Goal of the exercise >>
Give every line of the data again, unchanged, but with no pictures.

Data excerpt >>
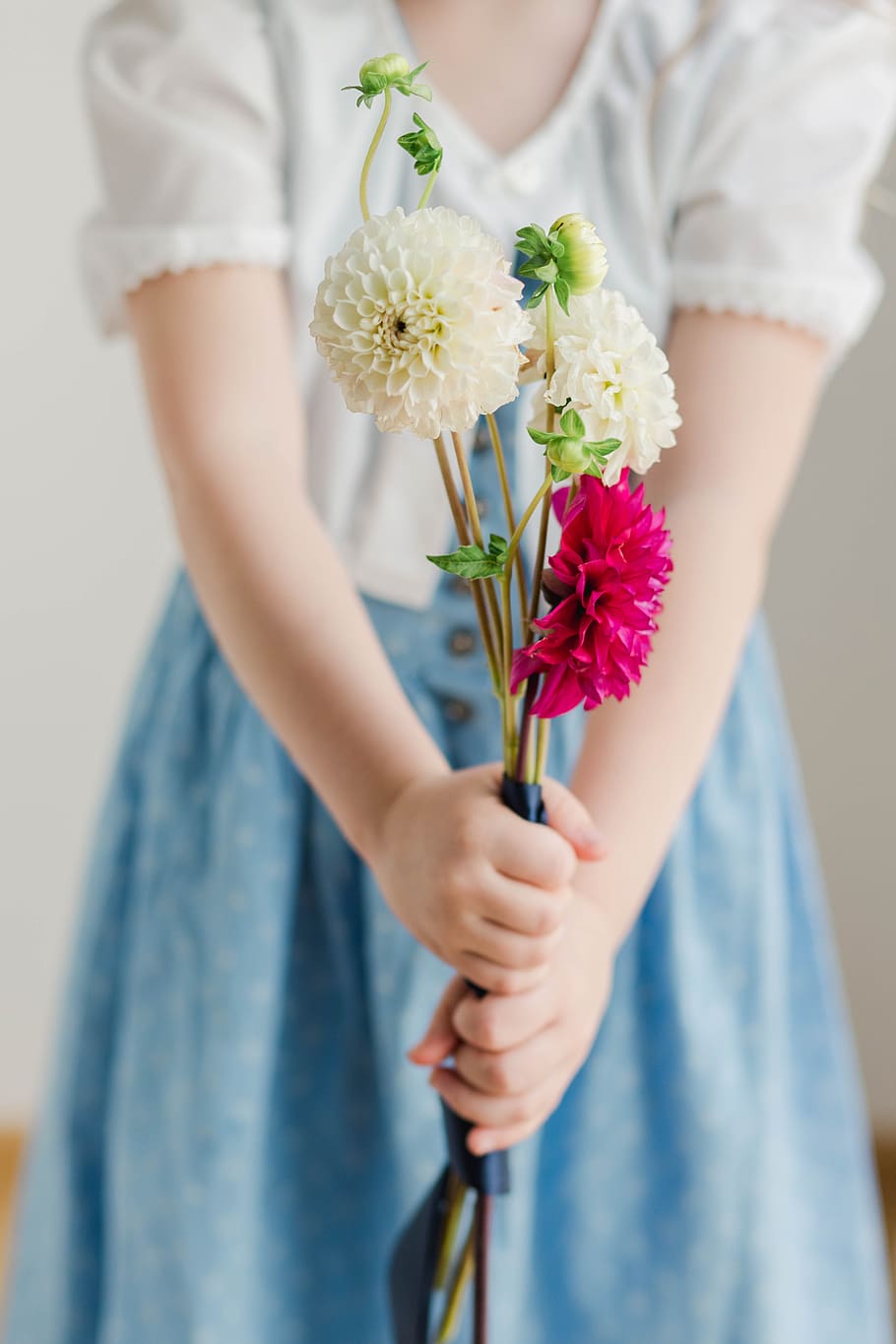 austrian dress, dahlias, girl holding flowers, red, white, child, dirndl, portrait, flower, blue dress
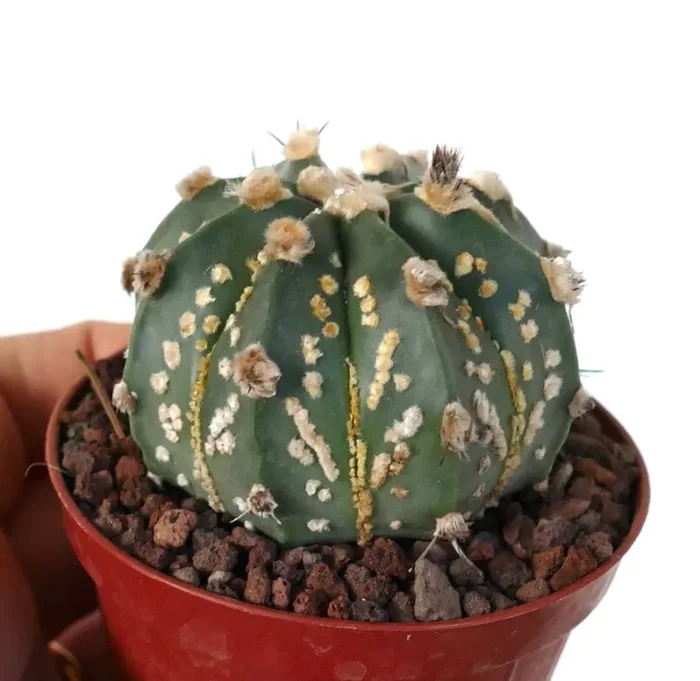 Astrophytum asterias OIBBO x SUPERKABUTO GOLDEN - immagine 2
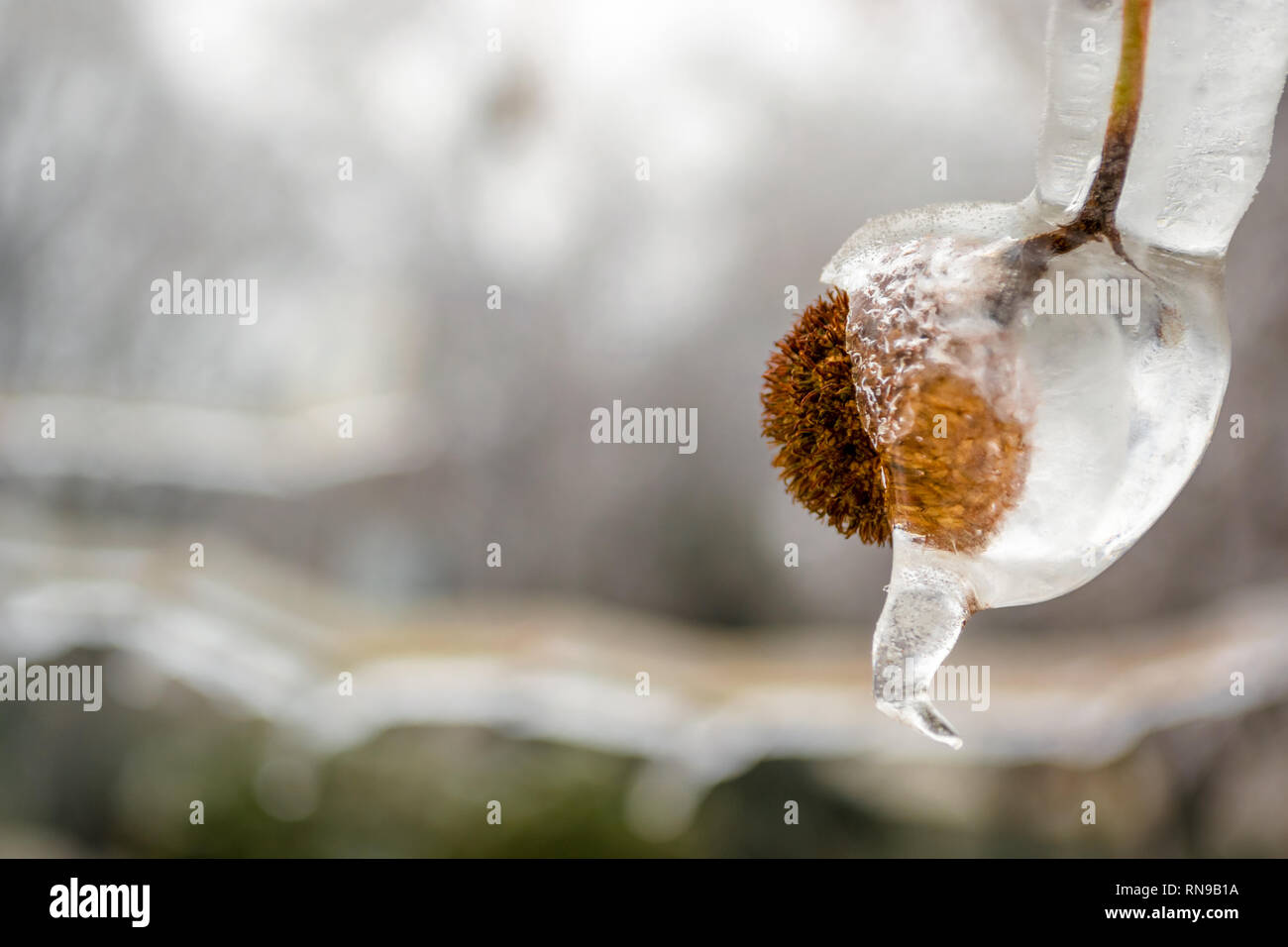 Closeup chestnut shell half engulfed in clear ice, hanging from a tree branch in a park in Bucharest, Romania, during Winter, after a frozen rain whea Stock Photo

Answer section >>
 austrian dress, dahlias, girl holding flowers, red, white, child, dirndl, portrait, flower, blue dress
 Astrophytum asterias OIBBO x SUPERKABUTO GOLDEN - immagine 2
 Closeup chestnut shell half engulfed in clear ice, hanging from a tree branch in a park in Bucharest, Romania, during Winter, after a frozen rain whea Stock Photo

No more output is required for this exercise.